Garrapata State Park and Calla Lily Valley

Distance 5.1 mi
Time 3 hrs
Elevation Gain 1000 ft
Season Spring, Summer, Fall, Winter
Hike Info Hiker Info

Sand-colored cliffs and ocean waves envelop Garrapata State Park, a day-trip-worthy excursion along the Big Sur coast three miles south of Point Lobos. The park is an excellent way to experience Big Sur from the Bay Area without breaking the time bank. This 5.1-mile hike visits the best of the park: its coastline, a surprising redwood forest, the Santa Lucia Mountains, and wildflowers. Add a side trip to Calla Lily Valley, a 2.4-mile drive south.

Gates and Garrapata

Garrapata State Park is organized into roadside gates numbered 1 through 19. The numbered gates are on the west side of the highway and generally mark trailheads and parking locations. Parking is mainly on dirt pullouts near these gates, and that is the case with this hike. There are no fees for parking along the gates. And what does Garrapata mean anyway, you ask? It means tick in Spanish…well. Wah-wah. But…maybe not a bad idea to check after your hike… 

Soberanes Canyon Trail

So let’s start on the eastern side of Highway 1 with the gorgeous canyon and redwoods!
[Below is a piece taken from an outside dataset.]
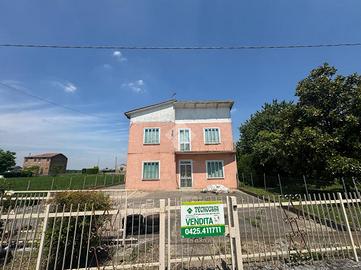 CASA INDIPENDENTE A VILLADOSE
Then we’ll work our way along the coastal trails and finish up at Whale Peak. Alternatively, skip the canyon and shorten the hike to a 2.1-mile coastal hike. 
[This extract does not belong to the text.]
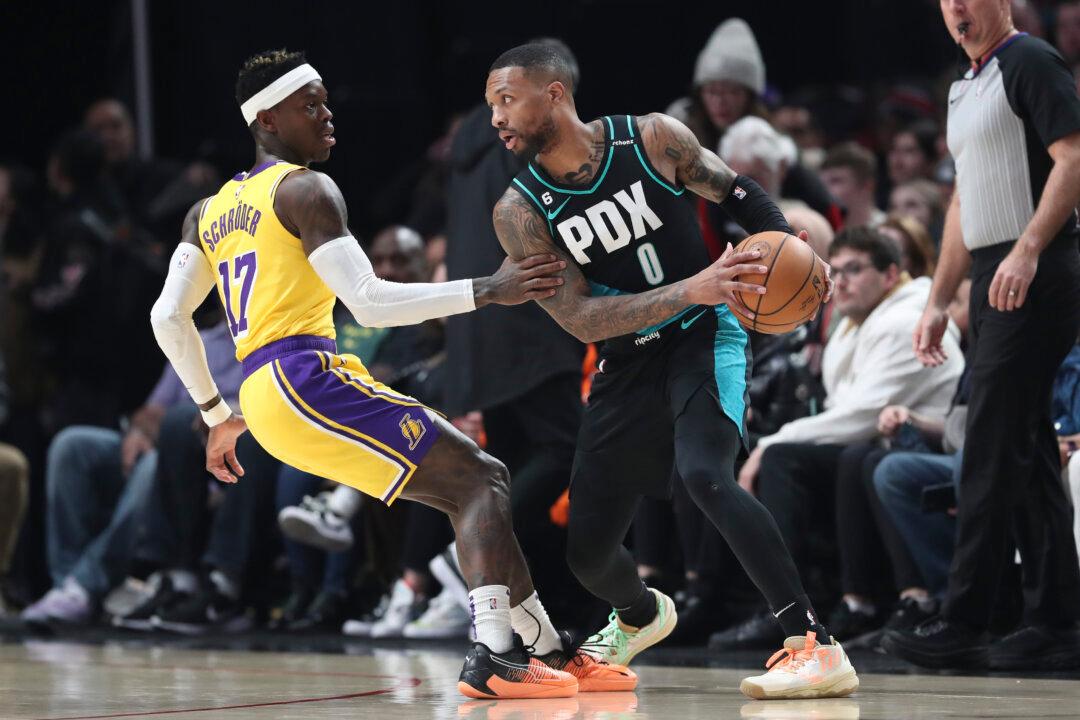 Blazers Hit 23 3-pointers, Beat Lebron-Less Lakers 127–115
Begin on the Soberanes Canyon Trail, across the road from Gate 8 on the eastern side of Highway 1. Head around a gate and onto a fire road that soon narrows to a single track. Cypress trees stretch overhead beside a rusted barn. As you descend a stairway and cross a pedestrian bridge, a quiet rushing sound and a glimpse of Soberanes Creek greet you.

Follow the Soberanes Canyon Trail into sunny Soberanes Canyon, heading northeast for 1.5 miles. The canyon views are magnificent from the start: The Santa Lucia Mountains drape and fold like a billowing sheet into Soberanes Creek. Evergreen coyote brush, gray-green sagebrush, and a surprising smattering of cacti cover the hillsides. Yellow bush lupine, purple lupine, orange monkey flower, and red paintbrush bloom in spring. 

After the initial pedestrian bridge, cross three more creeks in the first 0.8 miles. The crossings can be fairly rustic, with wobbly branches bridging the creek. Sturdy shoes and hiking poles are handy, especially when the water rises to calf level in winter and spring.

Redwood Forest

After 0.8 miles, a cool and breezy redwood grove is a welcome change from the sunny canyon. Carefully step through a fourth creek crossing between redwoods—a bit dicey in high water but doable with careful stepping. Beyond it, flats near the creekbed are good spots for resting and enjoying the little cascades along the creek. Redwood sorrel pops along the forest floor beneath enormous coast redwoods, the tallest tree species on earth.

Over the next 0.7 miles, to the turnaround point, the trail becomes steeper, gaining 300 feet on a moderate and sometimes rocky incline. Cross three more creek crossings in quick succession. After the last crossing, a wooden staircase leads further up and into the canyon along ferny hillsides and Douglas Iris.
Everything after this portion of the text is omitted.